Abstract

Introduction. Diabetic ketoacidosis (DKA) is an acute complication of any type of diabetes, but most commonly is associated with type 1 diabetes mellitus (T1D). This condition is a complex metabolic disorder resulting from significant relative or absolute deficiency of insulin, which still leads to excess of mortality and health care burden. The main aim of the study was to assess the direct cause of DKA and to determine population at-risk among patients with greater predisposition to develop DKA, in order to propose methods and range of their education in the future. Materials and methods. This study presents a retrospective analysis of 120 cases of DKA (102 adults with diabetes) hospitalized in the Department of Internal Medicine and Diabetology at the Central Teaching Hospital of Medical University of Lodz between 2014 and 2017. Results. 68.4% of patients with DKA were T1D and LADA, 15.0% were T2D, 5.8% presented other types of diabetes and 10.8% were de novo diabetes.
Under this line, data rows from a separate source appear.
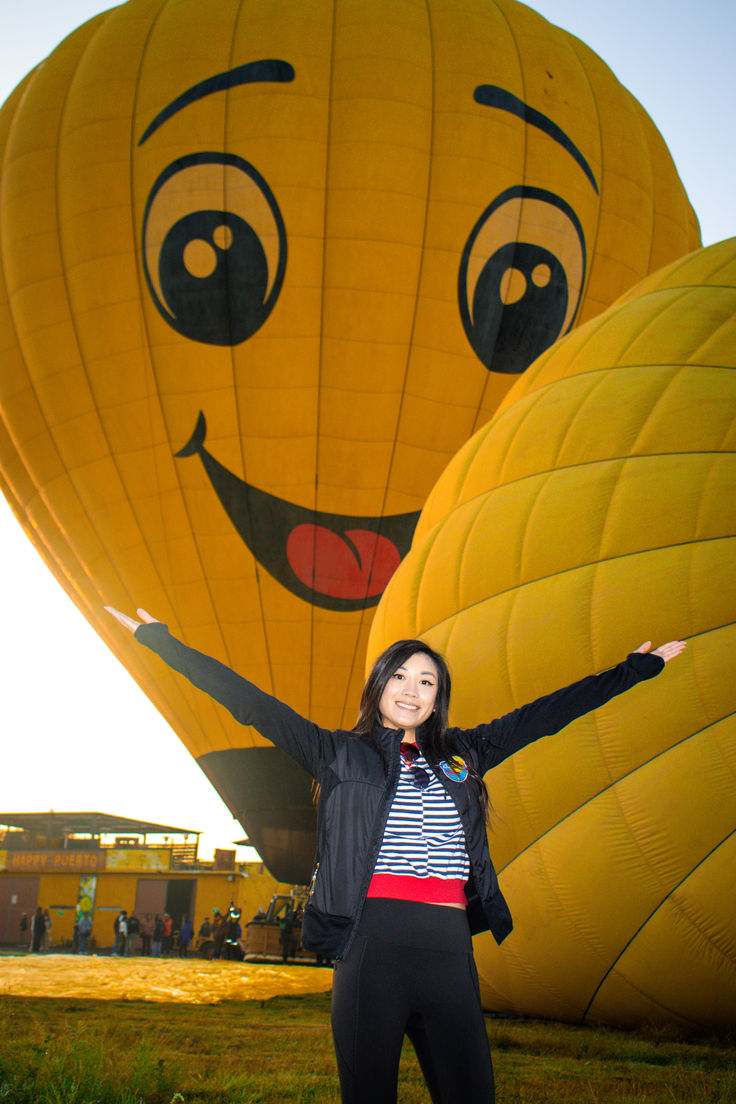 Hot air balloon ride over Teotihuacan pyramids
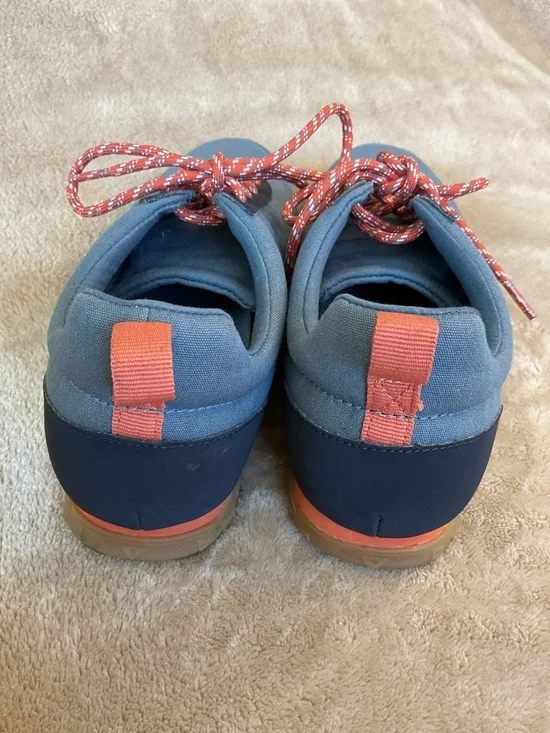 Teva Blue Canvas Wyldand Sneakers Patterned Laces Size 7.5 - Picture 5 of 6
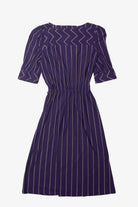 Vintage Pleasure Purple Striped Dress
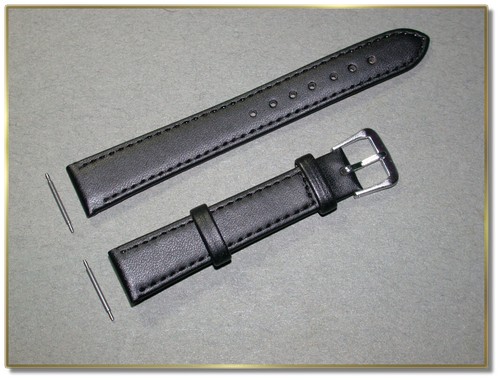Echt leder uhrenarmband - leder,
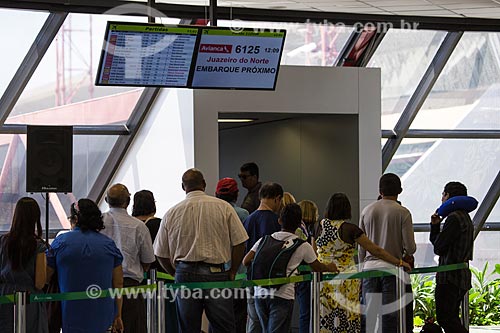  Boarding area of Juscelino Kubitschek International Airport - boarding to Juazeiro do Norte city  - Brasilia city - Distrito Federal (Federal District) (DF) - Brazil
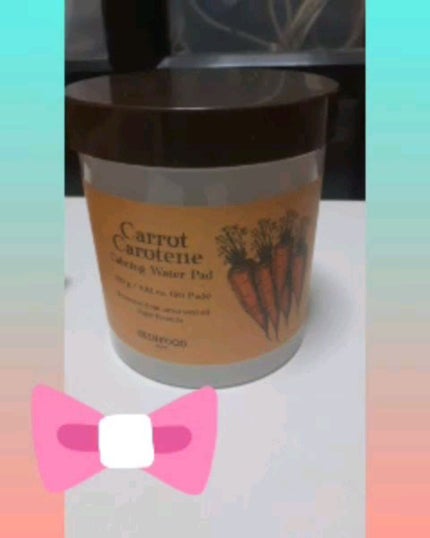 キャロットカロテン カーミングウォーターパッド/SKINFOOD/トナーパッドの人気ショート動画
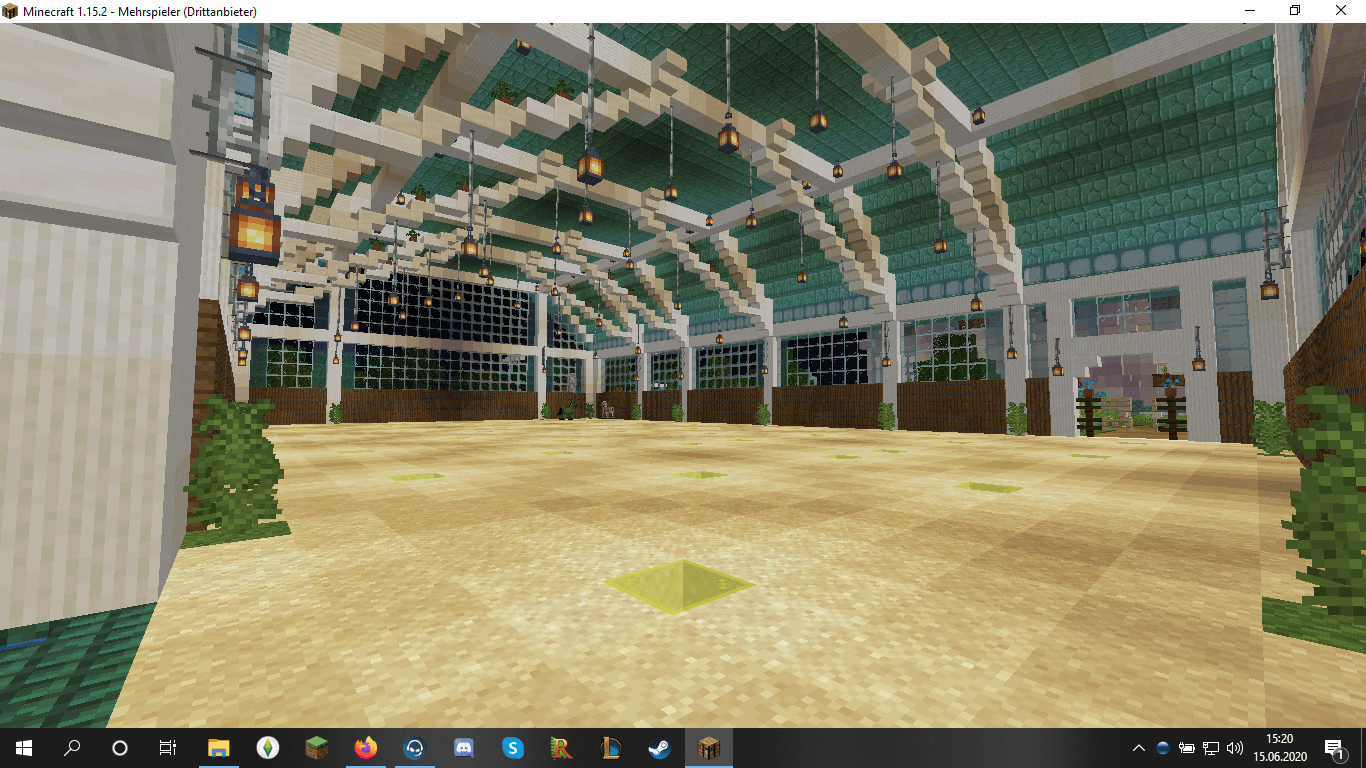 ᐅ Wunderschöne Reithalle mit kleinem Stall ) in Minecraft bauen minecraftbauideen.de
The mean age was 40.5 ± 17.7 years, diabetes duration 11.1 ± 9.74 years, HbA1c was 11.8 ± 2.54%. The main reason for hospitalization of patients for DKA was alcohol abuse (32.5%),followed by infection (23.4%), discontinuation of insulin treatment due to other reasons (13.4%), de novo diabetes (10.8%), lack of compliance (5.8%), mental disorders (5.8%) and complex causes (3.3%). In 5.0% of patients the reason could not be determined. All patients recovered, there was no death resulting of DKA. Conclusions. DKA occurs most frequently in T1D, but may be associated with type 2 or other types of diabetes. Most of our patients had a history of longterm poor control of diabetes. In many cases DKA, e.g. resulting from alcohol abuse or lack of compliance, probably can be avoided when proper patient education was given.